*** Begin section ***
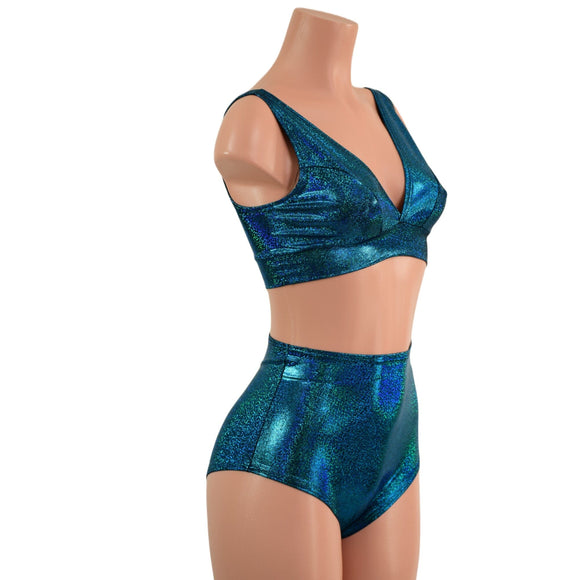 Starlette Bralette & High Waist Siren Shorts Set - Coquetry Clothing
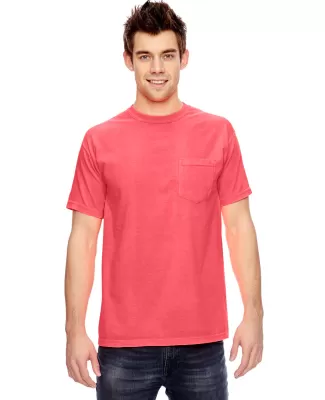 6030 Comfort Colors - Pigment-Dyed Short Sleeve Sh in Neon red orange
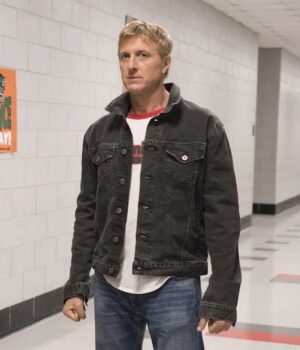  	John Kreese Cobra Kai Black Jean Trucker Jacket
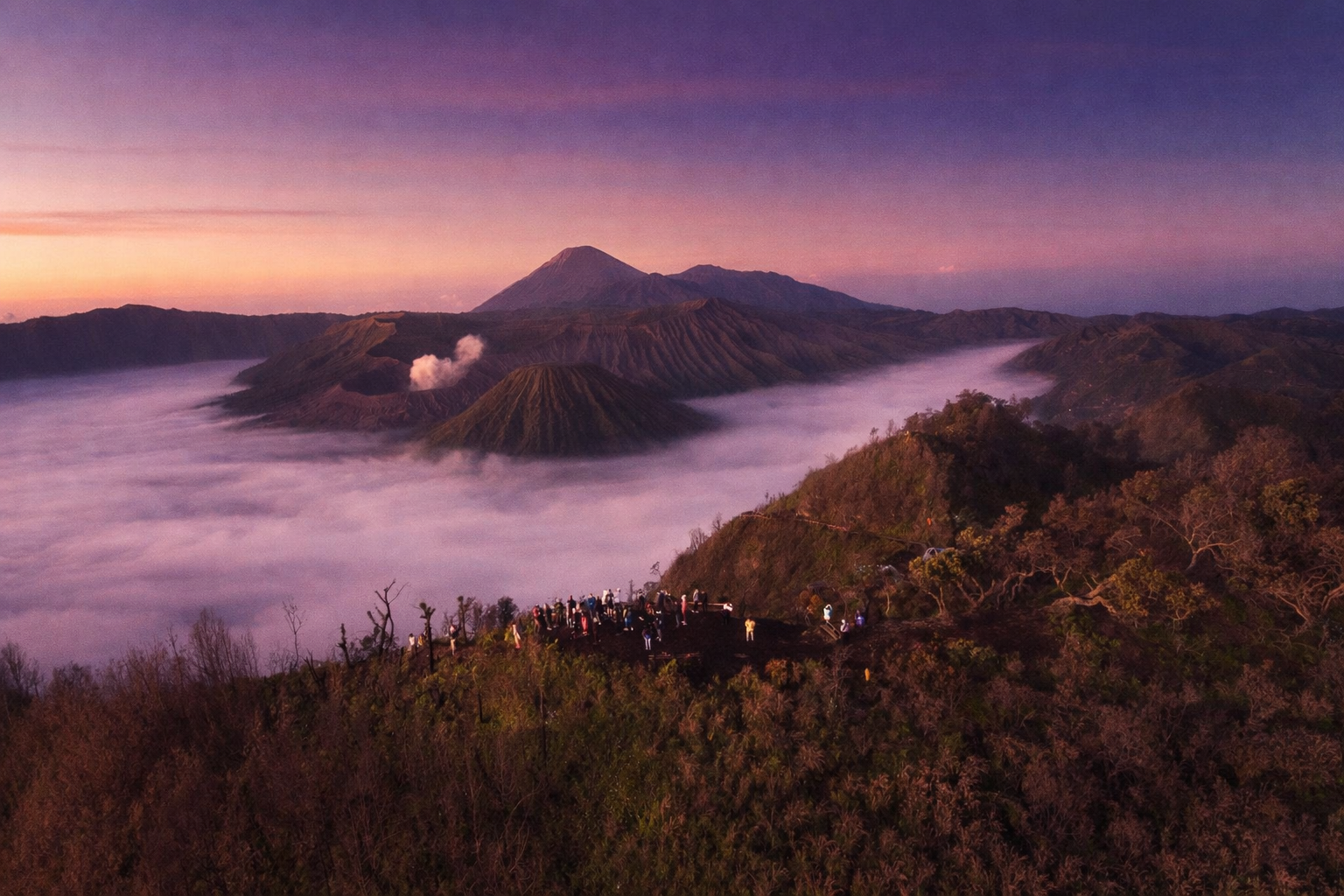 Mount Bromo sunrise tour from Surabaya with private tour jeep experience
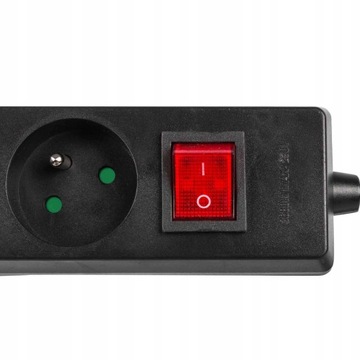 УДЛИНИТЕЛЬНАЯ полоса 3м 3 розетки + 2x USB LEDLUX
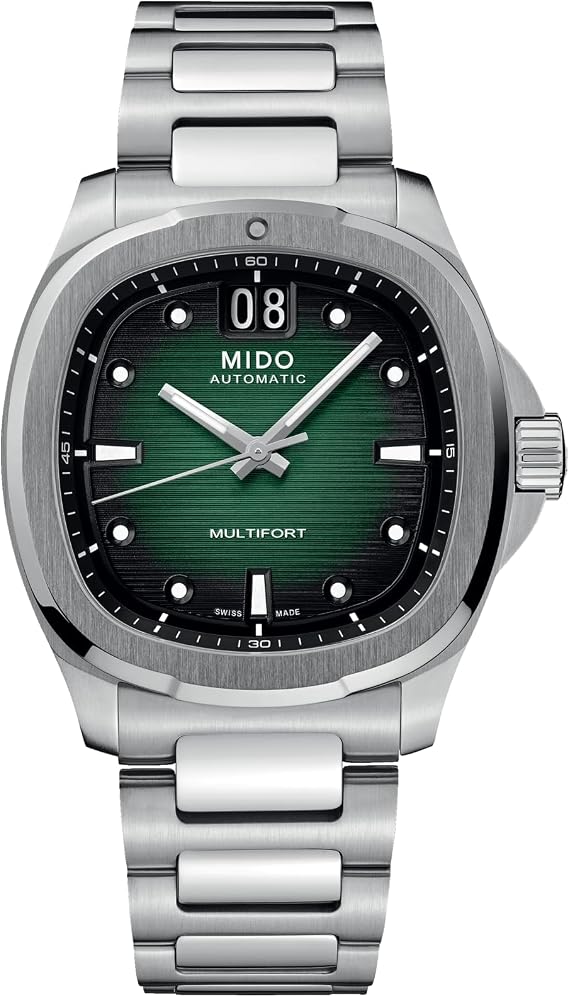 MIDO Multifort TV Big Date - Swiss Automatic Watch for Men - 40mm Case with Transparent Caseback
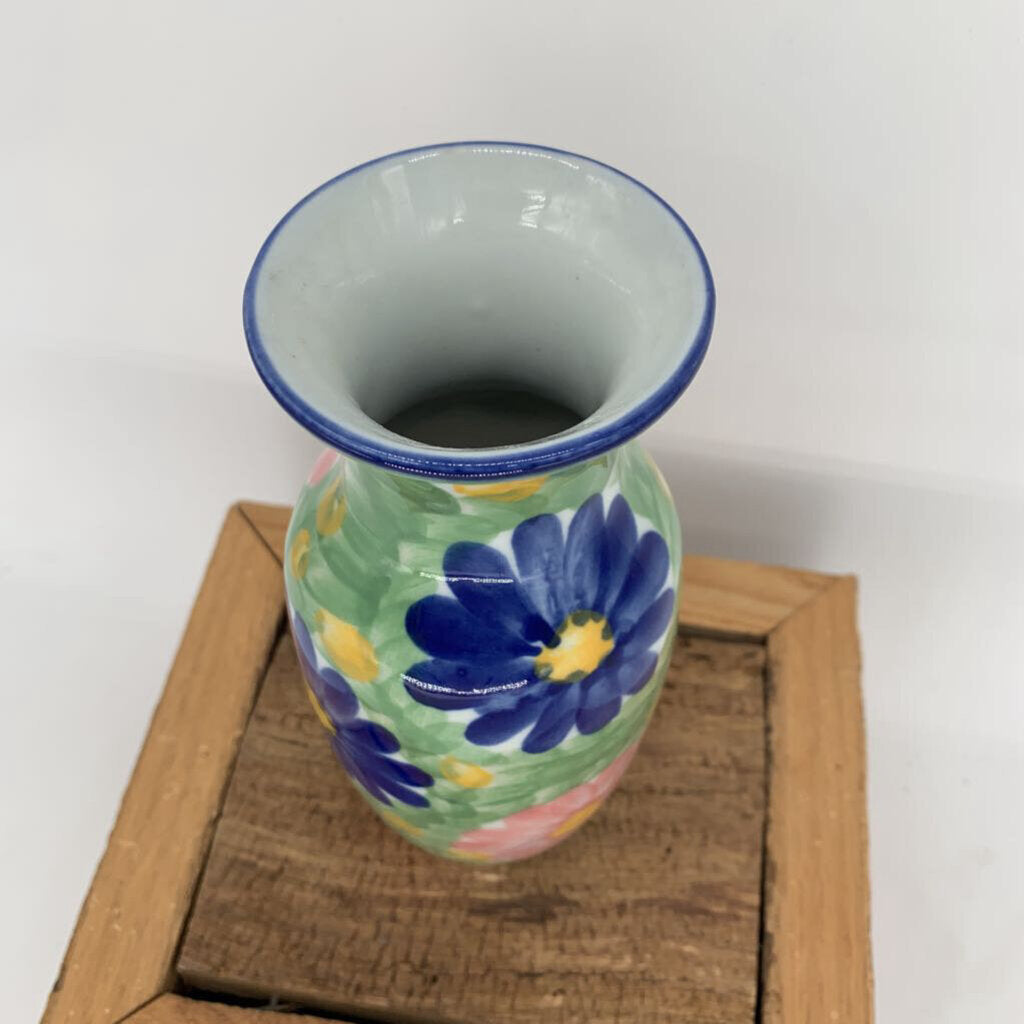 Floral Ceramic Vase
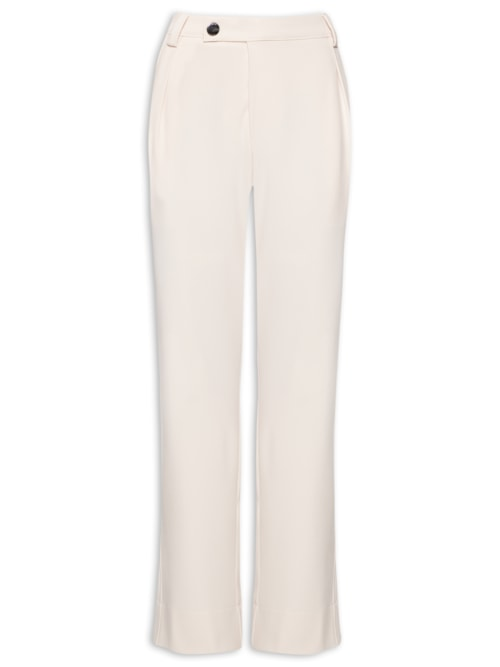 Calça Feminina Recortes - Bege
*** End section ***
Each record above is to be copied out exactly; its pictures are not.

 Starlette Bralette & High Waist Siren Shorts Set - Coquetry Clothing
 6030 Comfort Colors - Pigment-Dyed Short Sleeve Sh in Neon red orange
  	John Kreese Cobra Kai Black Jean Trucker Jacket
 Mount Bromo sunrise tour from Surabaya with private tour jeep experience
 УДЛИНИТЕЛЬНАЯ полоса 3м 3 розетки + 2x USB LEDLUX
 MIDO Multifort TV Big Date - Swiss Automatic Watch for Men - 40mm Case with Transparent Caseback
 Floral Ceramic Vase
 Calça Feminina Recortes - Bege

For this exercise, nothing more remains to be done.